A prewar pilot, Müller broke both legs in an aviation accident soon after World War I broke out. He later earned a reputation as a daring reconnaissance pilot. A medal winning low-level photographic intelligence flight on 13 March 1915 under heavy fire was pivotal in getting him a fighter posting. He was then picked to fly the first dedicated fighter aircraft. As German fighter aviation rapidly evolved throughout the war, Müller would progress as a fighter ace. The diminutive ace who had begun his career in the enlisted ranks became the only German airman to be commissioned into the German regular army on 26 May 1917. Müller's victory toll rose to second among German aces, trailing only Manfred von Richthofen, the Red Baron. After receiving various lower level awards, Müller received the Prussian Blue Max on 3 September 1917. His native Bavaria decided he deserved its equivalent national award, the Military Order of Max Joseph. On 9 January 1918, Müller's Albatros airplane was set on fire by a British reconnaissance plane he was attacking. He fell from the burning craft to his death.

==Early life==

Max Müller was born on 1 January 1887 in Rottenburg an der Laaber. Physically Müller grew to be small in stature, being only five foot one inch tall.

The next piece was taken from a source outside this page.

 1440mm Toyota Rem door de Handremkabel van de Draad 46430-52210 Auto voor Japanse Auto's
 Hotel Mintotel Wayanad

==Prewar military service==

As Müller had a natural mechanical aptitude, he had been apprenticed to a locksmith. His first military assignment was chauffeur to the Bavarian War Minister. He importuned the Minister for transfer to the Luftstreitkräfte.

The Minister having been persuaded, Müller was posted to the army flying school at Schleißheim on 1 December 1913, and after four months of training he became a fully qualified pilot on 4 April 1914. He started flying missions immediately.

==World War I==

===Reconnaissance duty===

Müller was assigned to Feldflieger Abteilung 1b on 2 August 1914. When the war broke out, Müller flew several reconnaissance missions. On 18 August 1914 however, a takeoff accident caused by engine failure broke both Müller's legs.

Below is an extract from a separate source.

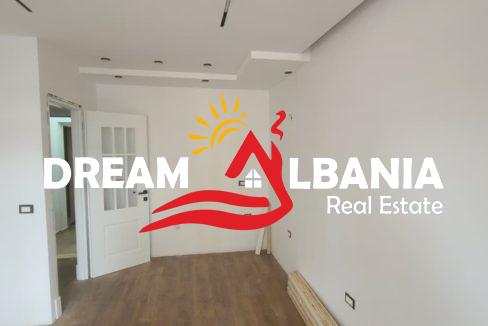 WhatsApp Image 2026-04-01 at 3.52.31 PM (1)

Afterwards, he returned to Feldflieger Abteilung 1b. On 31 March 1915, flying an Otto C.I 'pusher' biplane, he barely survived a hard dogfight against a French-flown Farman. On 13 December 1915, the day he was awarded the Second Class Iron Cross, Müller flew a highly hazardous low-level mission through heavy ground fire behind enemy lines, photographing enemy positions. This daring mission established his reputation as an aggressive pilot and led to his transfer to fighters. Decorated for this flight, he was one of only 16 German soldiers to be awarded the Kingdom of Bavaria's Silver Medal for Bravery.

===Service in fighters===

Müller underwent single-seat fighter training and then served with Feldflieger Abteilung 32, beginning on 17 May 1916. As a two-seater pilot, Müller had flown over 160 missions. Already noted as an aggressive and skilled airman, Müller was one of the first pilots to fly the Fokker Eindecker in action.

Müller was posted to Kampfeinsitzer Kommando B, which in May 1916 became Abwehrkommando Nord of Flieger-Abteilung (Artillerie) 32. He then was posted to the newly mobilized Prussian Jagdstaffel 2 on 1 September 1916, to serve under Oswald Boelcke. On 10 October of that same year, he scored his first victory; an Airco DH.2 of No. 24 Squadron RFC, the pilot being captured. On 27 November, Müller became an ace.

A transfer to the Kingdom of Württemberg's newly formed Jagdstaffel 28 followed, on 21 January 1917. On the 30th, he shot down the No. 45 Squadron RFC Sopwith 1 1/2 Strutter of Captain William Wright, who survived; it was Müller's seventh win. While serving with the squadron, he became a mentor to future ace Carl Bolle.

Müller's tally quickly rose throughout 1917, with six more victories in May. He was also promoted from the enlisted ranks to Leutnant on 26 May, in the regular army, rather than the Reserve, the first time such a commission had been awarded.

He was awarded the Württembergian Order of Military Merit on 28 June 1917, and the Member's Cross with Swords of the Royal Hohenzollern House Order. Though the Hohenzollern was customarily an award for officers, the Members' Cross was a class of the order exclusively for non-commissioned officers and was a rare distinction, being awarded only 16 times during the war.

On 28 July, he shot up the Sopwith 1½ Strutter of Captain Matthew Brown Frew and gunner Lieutenant George Al Brooke. The British aircrew managed to crash-land at their home base. It counted as Müller's 19th victory.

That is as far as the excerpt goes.